Each line of the listing below that includes "local" should be reported.

··· RECORDS SUPPLIED

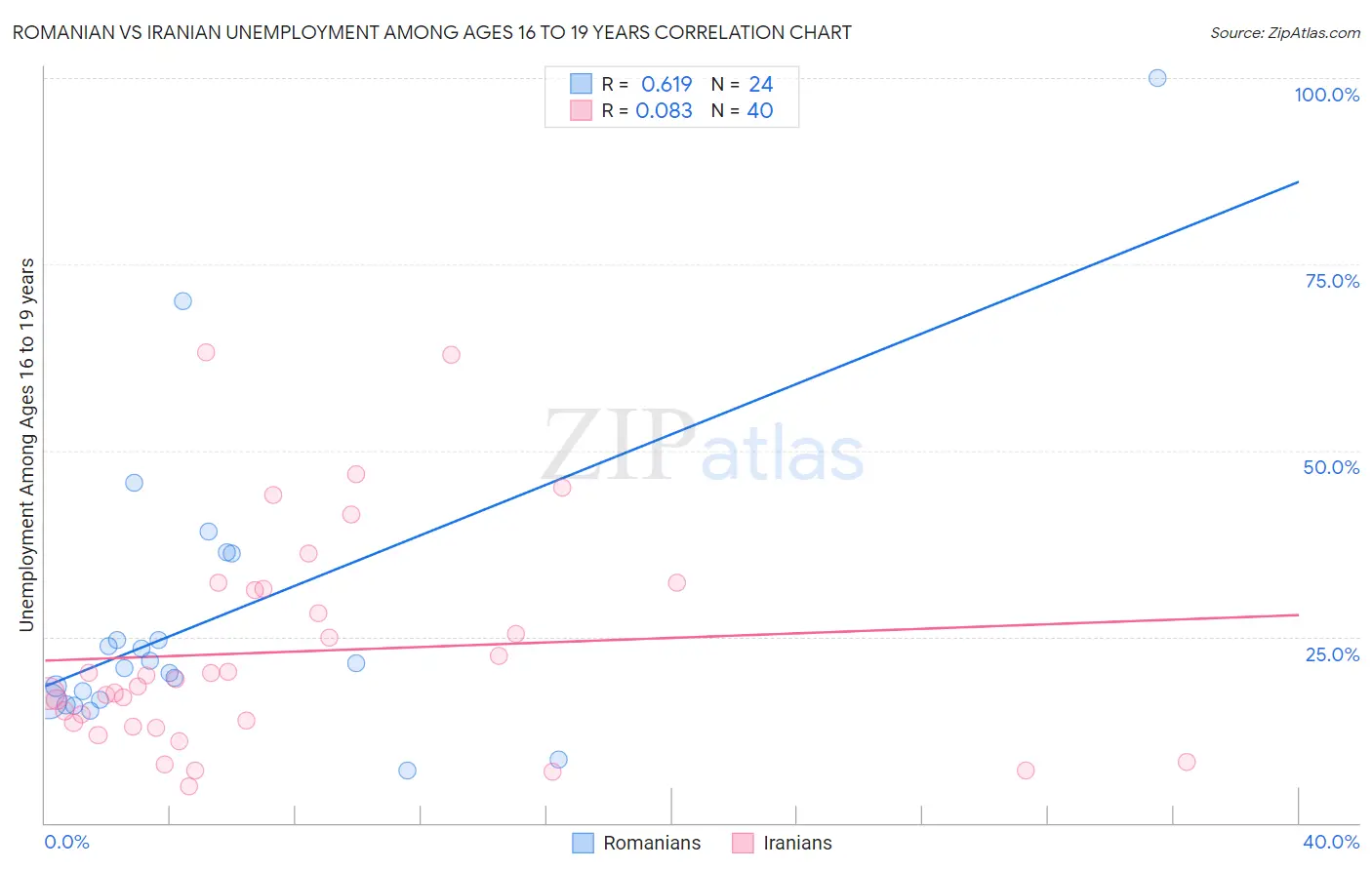 Romanian vs Iranian Unemployment Among Ages 16 to 19 years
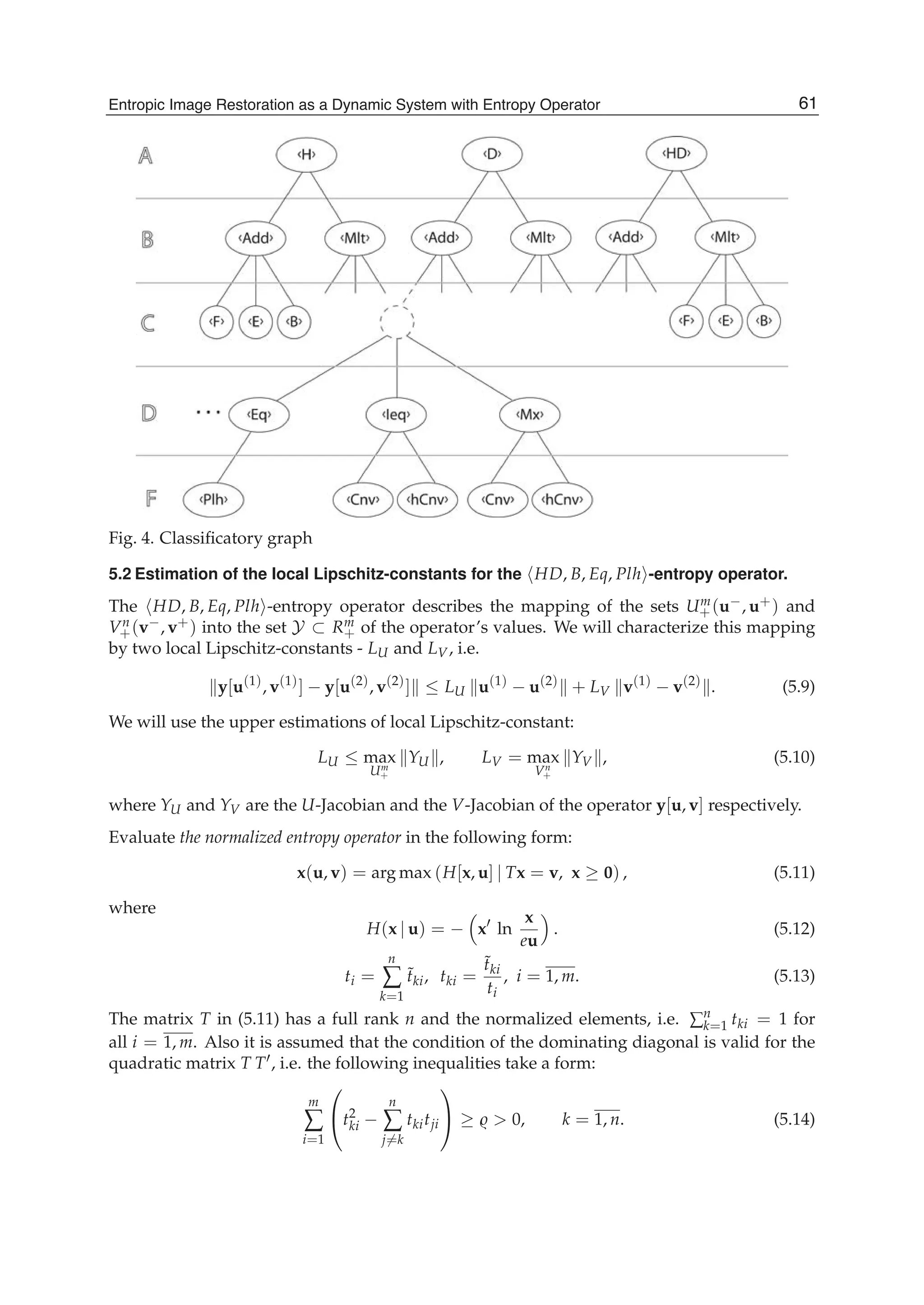 Entropic Image Restoration as a Dynamic System with Entropy Operator 17
Fig. 4. Classiﬁcatory graph
5.2 Estimation of the local Lipschitz-constants for the HD, B, Eq, Plh -entropy operator.
The HD, B, Eq, Plh -entropy operator describes the mapping of the sets Um
+(u−, u+) and
Vn
+(v−, v+) into the set Y ⊂ Rm
+ of the operator’s values. We will characterize this mapping
by two local Lipschitz-constants - LU and LV, i.e.
y[u(1)
, v(1)
] − y[u(2)
, v(2)
] ≤ LU u(1)
− u(2)
+ LV v(1)
− v(2)
. (5.9)
We will use the upper estimations of local Lipschitz-constant:
LU ≤ max
Um
+
YU , LV = max
Vn
+
YV , (5.10)
where YU and YV are the U-Jacobian and the V-Jacobian of the operator y[u, v] respectively.
Evaluate the normalized entropy operator in the following form:
x(u, v) = arg max (H[x, u] | Tx = v, x ≥ 0) , (5.11)
where
H(x | u) = − x ln
x
eu
. (5.12)
ti =
n
∑
k=1
˜tki, tki =
˜tki
ti
, i = 1, m. (5.13)
The matrix T in (5.11) has a full rank n and the normalized elements, i.e. ∑n
k=1 tki = 1 for
all i = 1, m. Also it is assumed that the condition of the dominating diagonal is valid for the
quadratic matrix T T , i.e. the following inequalities take a form:
m
∑
i=1
⎛
⎝t2
ki −
n
∑
j=k
tkitji
⎞
⎠ ≥ > 0, k = 1, n. (5.14)
61Entropic Image Restoration as a Dynamic System with Entropy Operator
 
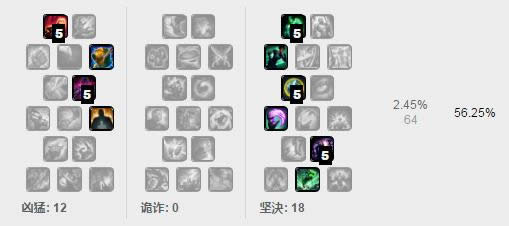 lol7.9�汾��·ǿ��Ӣ���Ƽ� lol�������汾��·��ǿӢ��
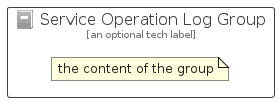 illustration for ServiceOperationLogGroup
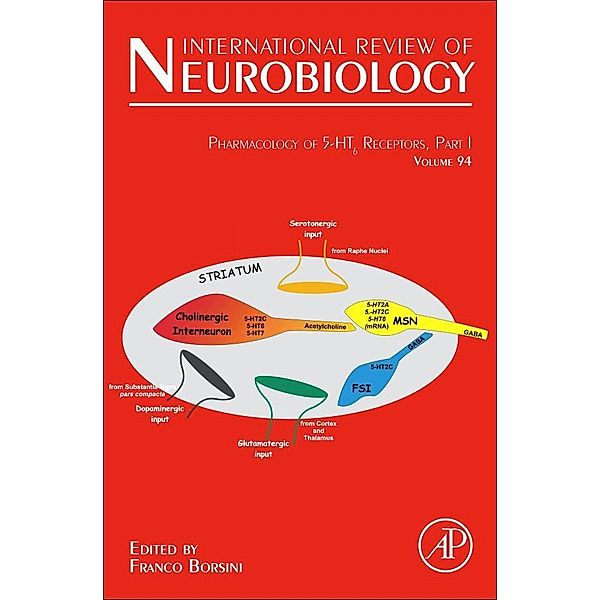 Pharmacology of 5-HT6 receptors, Part I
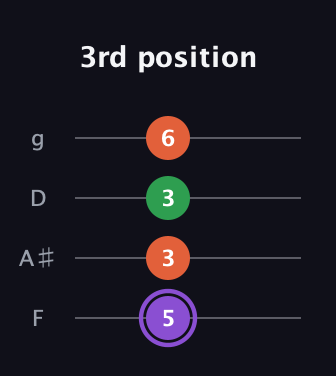 A♯ Minor Sharp 9th guitar tab — 3rd position (5 3 3 6) in Baritone (DGBE) · Capo 3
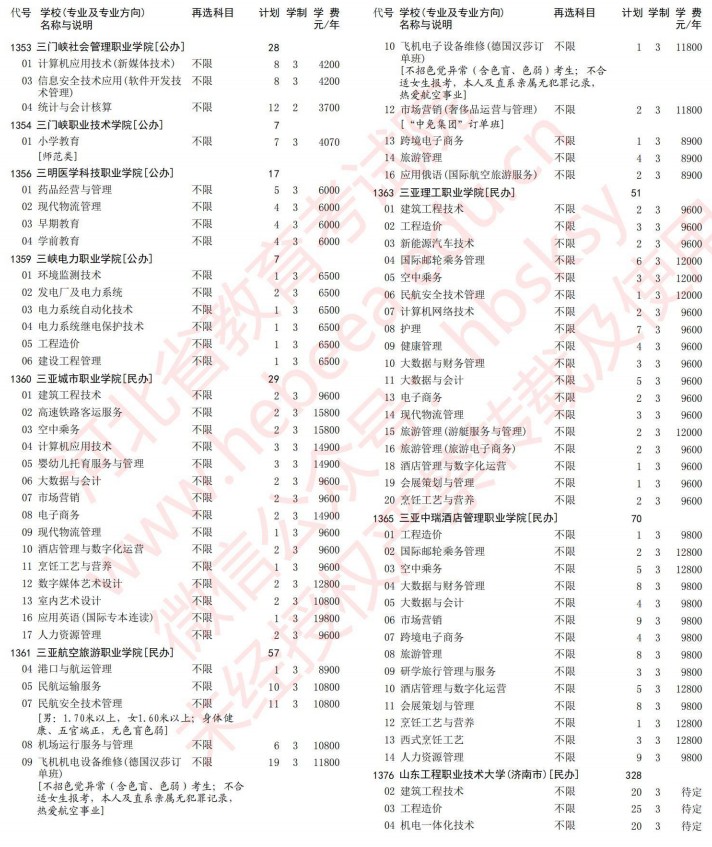 2021河北高考?？婆谝淮握骷驹赣?jì)劃（歷史）20.jpg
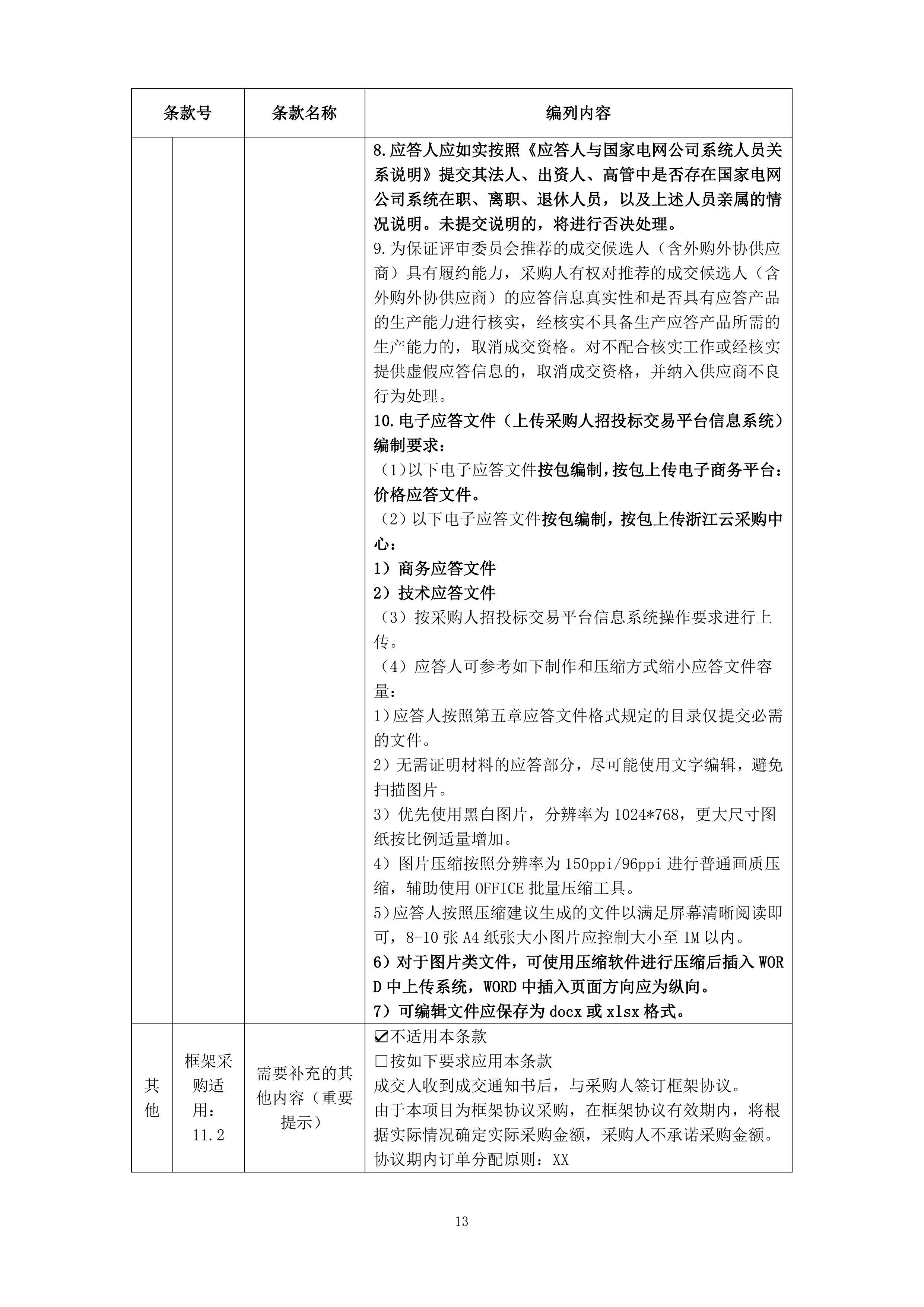11FD02采购文件.docx 第15页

······

*ANSWER FOR THIS EXERCISE*:
5.2 Estimation of the local Lipschitz-constants for the HD, B, Eq, Plh -entropy operator.
by two local Lipschitz-constants - LU and LV, i.e.
We will use the upper estimations of local Lipschitz-constant:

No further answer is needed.